Si vous êtes encore au stade de la recherche, notre guide sur les différents types de logement étudiant et leurs avantages peut aussi vous aider à arbitrer entre studio, résidence et logement partagé.
En résidence CROUS, l’assurance est à prévoir avant la remise des clés
Une chambre ou un studio CROUS ne dispense pas d’assurance habitation. L’étudiant doit fournir une attestation couvrant notamment les risques liés à l’incendie, à l’explosion et au dégât des eaux, ainsi que sa responsabilité civile. Cette attestation est demandée avant la remise des clés. Mieux vaut donc s’en occuper dès que l’étudiant connaît son affectation.
Dans une chambre ou un studio en résidence universitaire, la valeur de ses affaires sera souvent moins élevée que dans un appartement qu’il a entièrement équipé.
Là encore, il faut cependant regarder ce qu’il possède réellement.

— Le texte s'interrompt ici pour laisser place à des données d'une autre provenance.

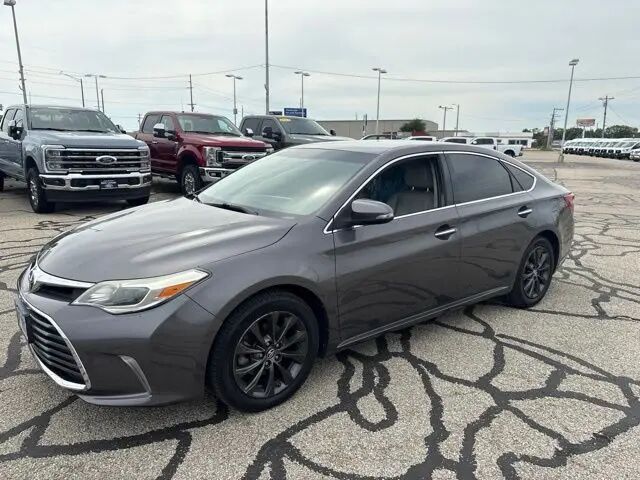 2016 Toyota Avalon XLE — photo 1 of 7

Un étudiant qui arrive avec un ordinateur performant, une tablette et du matériel photo n’a pas les mêmes besoins qu’un jeune qui emporte essentiellement vêtements et fournitures de cours.
Autre détail à vérifier : le vol n’est pas automatiquement inclus dans une couverture de base. Le réseau des CROUS conseille lui-même de s’intéresser à cette garantie complémentaire.
En colocation, il faut surtout savoir qui est assuré… et pour quoi
La colocation ajoute un petit niveau de complexité : plusieurs personnes vivent sous le même toit, chacune avec ses affaires et sa propre responsabilité. Nous avons d’ailleurs détaillé dans un article dédié ce qu’il faut savoir sur l’assurance habitation en colocation.
Première question à poser : existe-t-il un contrat commun pour le logement ou chaque colocataire s’assure-t-il individuellement ? Dans le cas d’un contrat collectif, vérifiez que le nom de votre enfant apparaît bien parmi les personnes assurées. Un départ ou l’arrivée d’un nouveau colocataire doit également être signalé à l’assureur.
S’il existe plusieurs contrats individuels, chacun doit connaître précisément l’étendue de sa couverture. La responsabilité civile mérite ici une attention particulière : un verre d’eau renversé sur l’ordinateur de son colocataire ou une maladresse qui provoque des dégâts dans l’appartement rappellent vite que la vie à plusieurs multiplie aussi les interactions.
Les biens personnels constituent l’autre point sensible. L’un arrive avec un ordinateur à 400 euros, l’autre avec du matériel informatique ou musical valant plusieurs milliers d’euros : leurs besoins ne sont pas forcément identiques.
Et avant même de parler assurance, mieux vaut avoir lu le bail et compris le fonctionnement pratique de la colocation. Qui règle quoi ? Qui prévient le propriétaire en cas de dégât ? Où sont conservés les contrats ? Quelques règles posées dès l’emménagement évitent bien des coups de fil paniqués à 22 heures.
Les 5 vérifications à faire avant de souscrire
Avant de valider l’assurance de sa location étudiante, prenez dix minutes avec votre ado pour vérifier ensemble :
- que l’adresse et le type de logement déclarés sont exacts ;
- que la responsabilité civile est bien comprise dans la couverture choisie ;
- que le capital mobilier correspond à la valeur réelle de ses affaires ;
- que vous savez si le vol, les dommages électriques et le bris de certains équipements sont couverts ou non ;
- que le montant des franchises et les principales exclusions ont été lus.
C’est aussi une bonne occasion de lui passer progressivement la main. Gardez éventuellement une copie de l’attestation dans le dossier familial, mais laissez-lui enregistrer le numéro de son contrat et les coordonnées de son assureur. Le jour où un voisin signale une fuite d’eau, c’est lui qui devra pouvoir expliquer ce qui s’est passé.
L’assurance habitation fait partie de ces démarches que l’on peut encore vérifier à quatre yeux la première fois. Ensuite, à votre jeune de savoir où retrouver son contrat, qui contacter en cas de sinistre et quelles démarches effectuer : un petit pas de plus vers l’autonomie.